Can I get some help with an issue I am having with the knife ssh command? It is throwing a socket error when trying to use knife to issue a command on a chef node. As you can see below, the chef node name is the same as the full hostname, and the full hostname is also the same as the FQDN which is resolveable by DNS. The odd thing I noticed is that the error message uses the correct hostname but incorrect domain, but I don't know why.
To protect the innocent, I have flubbed/omitted some values.
my_userp@host_name:~$ SEARCH_QUERY="name:host_name.host_domain.com"
my_userp@host_name:~$ SSH_CMD="ls /home/my_user/"

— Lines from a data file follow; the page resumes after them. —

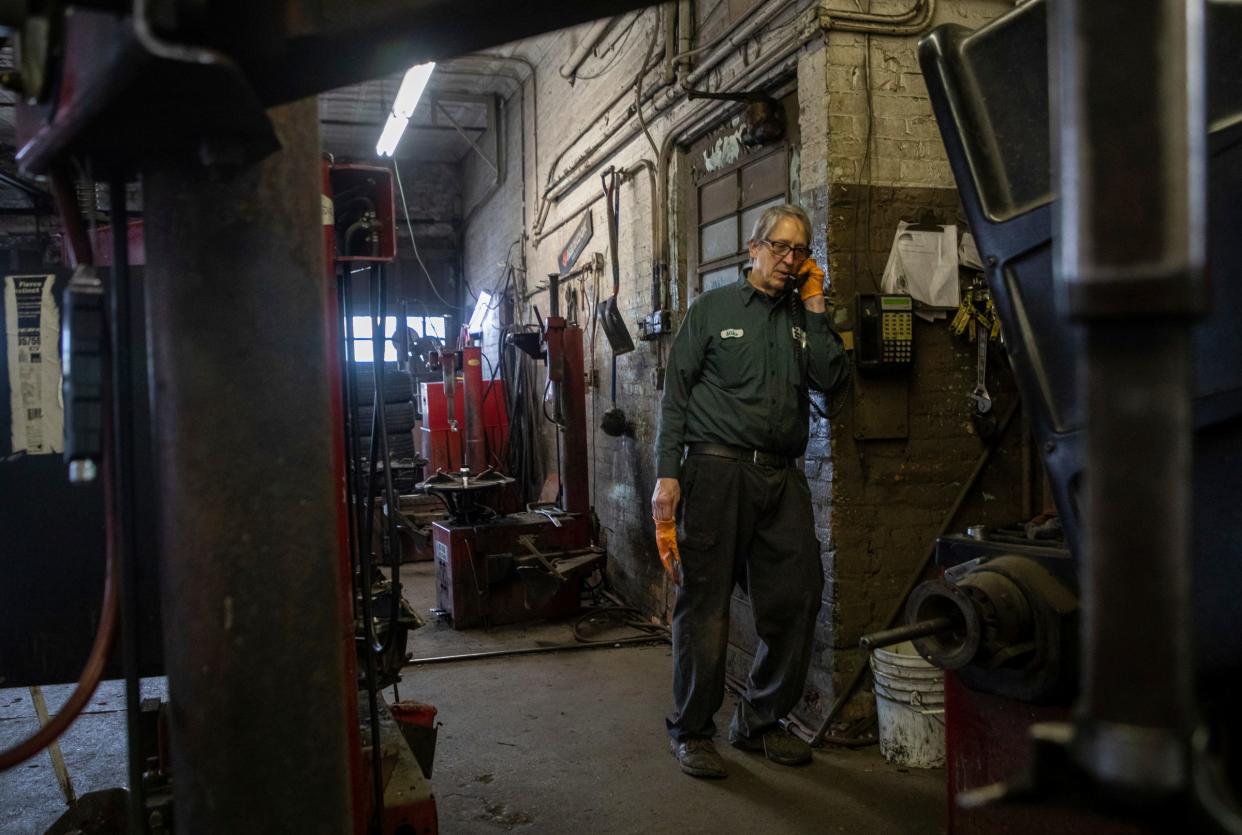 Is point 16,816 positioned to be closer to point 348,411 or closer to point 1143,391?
point 348,411

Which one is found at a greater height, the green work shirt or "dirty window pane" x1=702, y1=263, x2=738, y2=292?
"dirty window pane" x1=702, y1=263, x2=738, y2=292

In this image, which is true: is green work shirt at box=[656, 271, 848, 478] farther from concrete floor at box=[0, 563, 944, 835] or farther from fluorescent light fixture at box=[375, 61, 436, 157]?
fluorescent light fixture at box=[375, 61, 436, 157]

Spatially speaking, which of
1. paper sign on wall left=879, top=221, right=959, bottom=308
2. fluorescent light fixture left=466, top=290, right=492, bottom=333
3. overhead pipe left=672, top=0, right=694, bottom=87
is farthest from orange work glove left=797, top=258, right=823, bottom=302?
fluorescent light fixture left=466, top=290, right=492, bottom=333

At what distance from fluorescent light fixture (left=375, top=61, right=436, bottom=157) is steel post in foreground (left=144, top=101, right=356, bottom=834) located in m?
5.26

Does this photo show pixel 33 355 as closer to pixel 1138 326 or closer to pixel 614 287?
pixel 1138 326

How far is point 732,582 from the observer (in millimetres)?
3326

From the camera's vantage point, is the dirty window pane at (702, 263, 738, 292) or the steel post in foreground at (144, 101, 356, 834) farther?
the dirty window pane at (702, 263, 738, 292)

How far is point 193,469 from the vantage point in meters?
0.99

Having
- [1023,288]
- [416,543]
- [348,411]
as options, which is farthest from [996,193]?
[416,543]

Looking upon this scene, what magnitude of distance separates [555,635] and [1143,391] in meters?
4.77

my_userp@host_name:~$ hostname -f
host_name.host_domain.com
my_userp@host_name:~$ nslookup $(hostname -f)
Server: 10.0.0.100
Address: 10.0.0.100#53
Non-authoritative answer:
Name: host_name.host_domain.com
Address: 10.0.0.100
my_userp@host_name:~$ knife node show $(hostname -f)
Node Name: host_name.host_domain.com
Environment: my_org
FQDN: host_name.host_domain.com
IP: 10.0.0.100
Run List: role[my-role-specific]
Roles: my-role-specific, my-role-general
Recipes: my-code::start, my-code::finish
Platform: ubuntu 14.04
Tags: my-tag
my_userp@host_name:~$ knife ssh "name:$(hostname -f)" "date"
WARNING: Failed to connect to host_name.novalocal -- SocketError: getaddrinfo: Name or service not known
By default knife will attempt to use the FQDN of the node itself according to Ohai but you can pass -a ipaddress and it will use node['ipaddress'] instead.
@chesseplus - it does not seem to behave the way you explain, i.e. using the FQDN of the node itself. The FQDN of the node is host_name.host_domain.com. Instead, it is using host_name.novalocal. What configuration file, etc. is responsible for this different behavior?
no, novalocal is not my workstation's domain. if you look at the output in the original post, you'll see that the workstation domain is "host_domain.com", that the full hostname resolves in DNS and that the chef node is named exactly like the FQDN. I don't know where chef is getting the "novalocal" domain.
The FQDN Ohai gets or has cached doesn't necessarily match hostname -f (though most of the time it should). It could also be that there is some ssh config magic on your system that is changing that. As I said earlier, the easiest way around this is to use -a ipdaddress and then knife uses the IPaddress instead of the FQDN (again, this is the FQDN as ohai/chef-server have it recorded).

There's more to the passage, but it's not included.